Foto recursivaCuentan de aquel abuelo que nunca había sido ingresado en un hospital que un día, ya muy mayor, cuando por fin lo ingresaron por un asunto menor, él entendió que ir a aquel lugar lleno de gente enferma era el preludio de la muerte. Y visto lo visto, se murió. Se contagió del ambiente, de las sensaciones, de la conversación alrededor de la enfermedad y comprendió que allí una opción muy lógica era morirse. Y lo hizo.

Hoy en día esta parte del sur de Islandia se mueve al ritmo de la crisis y los recortes presupuestarios del Gobierno. No hay dinero. No hay iniciativa. No hay proyectos. No hay apuesta. Todos esperando que sea otro quien tire la primera piedra para iniciar el movimiento de cambio de tendencia. Mientras tanto, continúa el trabajo de los enterradores de ilusiones: qué mal está todo.

Hubo un montón de años en que vivimos en período de bonanza económica. Como es fácil acostumbrarse a lo bueno, seguro que hubo mucha gente que pensó que eso era “lo normal”. Lo normal era, en las cooperativas, un buen retorno a causa de unos resultados bien majos que, por qué no, también permitían ingresar “pagas extras” por consecución de ciertos objetivos santificados por la cuenta de resultados. Los números eran los que eran. Y de ahí la ficción de que siempre pudiera ser así. Fue, es y será de humanos dejarse llevar por lo bueno.

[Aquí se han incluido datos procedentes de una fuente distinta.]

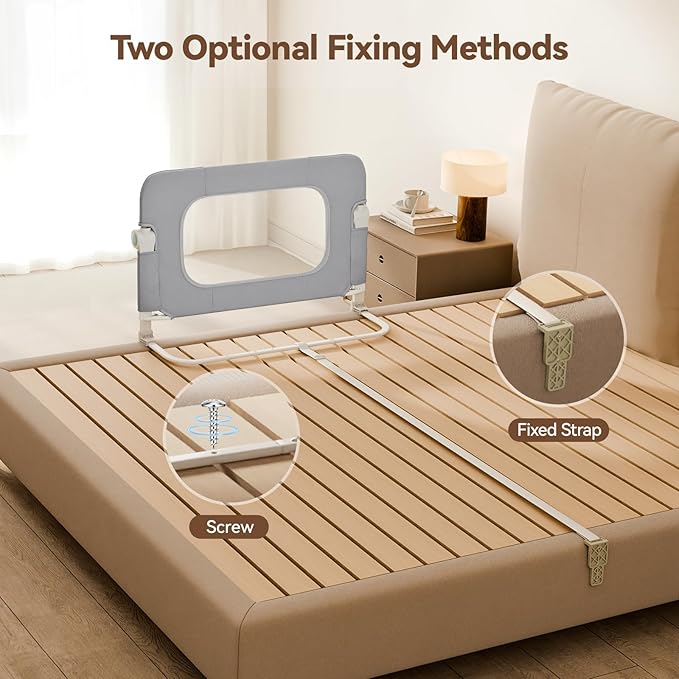 Reinforced Safety Bed Rail for Toddlers – 32” Bed Rail Guard with Thickened Material, Foldable & Adjustable Rail for Crib, Twin, Full, Queen, King Beds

En teoría de sistemas los círculos viciosos y virtuosos son dinámicas a las que siempre acudimos para explicar ciertos fenómenos. Más lleva a más, menos a menos; éxito conduce a éxito y fracaso a… más y peor fracaso, a más y peor estado de ánimo. Si me dices que las cosas están mal es probable que lo estén y si no me había dado cuenta es que vivo en el limbo. Gracias por hacerme caer en la cuenta. Ahora ya sé que yo también puedo estar mal. De hecho creo que ya lo estoy sintiendo. Gracias por aportarme realidad. Qué mal me va todo.

Otro mecanismo que explica muchas cosas es la demora. Hay veces que los efectos no son inmediatos y quizá no del todo previsibles en su magnitud. Es la complejidad dinámica que atesoran los sistemas complejos. Ahí el peligro es llevar puestas todo el tiempo las luces cortas. Si no enciendes nunca las largas, pan para hoy y hambre para mañana. Esa demora, esa fractura en el tiempo ha provocado cierta ceguera empresarial. No se sabía lo que estaba por venir porque lo cercano era suficientemente atractivo como para deleitarse con ello.

Otra figura que me viene a la cabeza con la crisis en la que me han dicho que vivo es un gráfico X-R. Cuando las cosas van bien es fácil romper el saco por arriba. Sí, la ambición rompe el saco. Y se rompe con decisiones de un optimismo ciego. Invierto, gasto y me subo a un tren en el que el precio del billete no parece muy caro, pero donde luego la comida y el resto de servicios a bordo son excesivamente caros. Y como el paisaje parecía hermoso no quise caer en la cuenta. El gráfico X-R ya me decía que los datos estaban fuera de control pero como eran tan bonitos preferí no verlos.

Pero dicho todo lo anterior, a lo mejor hay que ser cabezón e intentar no ir al hospital. Quizá hay que apartarse de la lógica imperante y hacer lo que no esperas que haga. El mundo es pequeño y ahí al lado hay muchas partes donde la crisis o bien no existe o tiene otra cara. El primer mundo y Europa como referente andan enquistados en lo financiero. Tijera y recorte. La palabra austeridad conducida al altar para después ser apaleada por las masas enfervorizadas. Confusión. Porque a mí, lo reconozco, la palabra austeridad me gusta.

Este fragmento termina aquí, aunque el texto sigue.